San Evodio, obispo de Uzalum, en África y San Agustín, dejaron descripción de muchos de los milagros. San Agustín dijo en un sermón: “Bien está que deseemos obtener por su intercesión los bienes temporales, de suerte que, imitando al mártir, consigamos finalmente los bienes eternos”.

Ciertamente, la misión principal del Mesías no es remediar los males temporales, pero a pesar de ello, durante su vida mortal, Jesús sanó a los enfermos, libró a los posesos y socorrió a los miserables a fin de darnos pruebas sensibles de su amor y de su poder divino.

Las curaciones físicas son, además, una señal de la obra de salud espiritual que Jesús hace. Sabemos que, aunque no otorgue un restablecimiento físico, siempre sana los corazones que a Él se abren.


La fiesta de San Esteban siempre fue celebrada inmediatamente después de la Navidad para que, siendo el protomártir, fuese lo más cercano a la manifestación del Hijo de Dios.

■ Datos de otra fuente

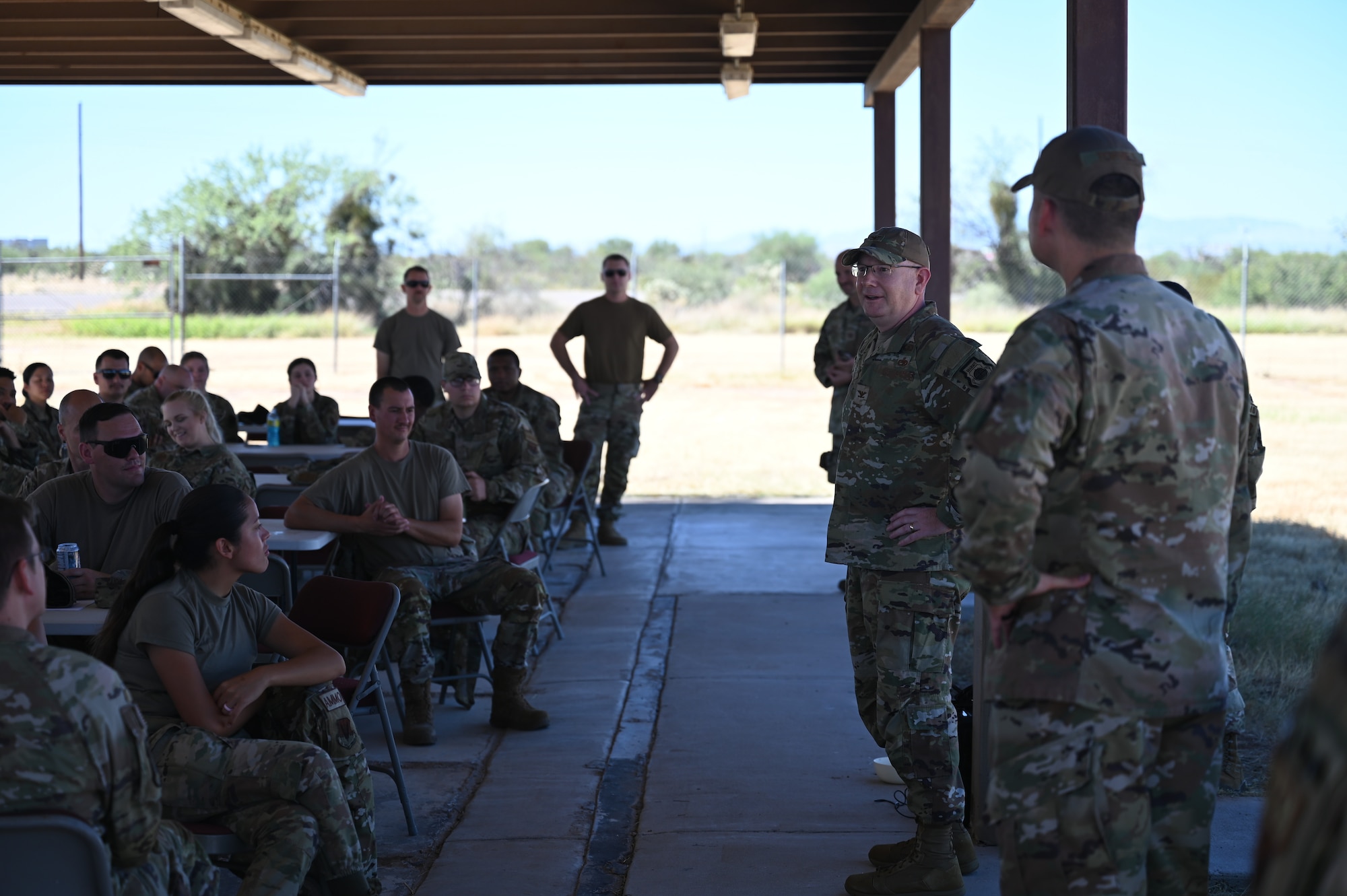 A photo of Airmen talking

Una segunda fiesta de San Esteban se celebra el 3 de agosto, para conmemorar el descubrimiento de sus reliquias.

Debemos lamentar que, como otras tantas fiestas, Juan XXIII, por el Motu proprio fechado el 25 de julio de 1960, esta segunda fiesta fue suprimida del Calendario Romano.


SAN ESTEBAN, ¡RUEGA POR NOSOTROS!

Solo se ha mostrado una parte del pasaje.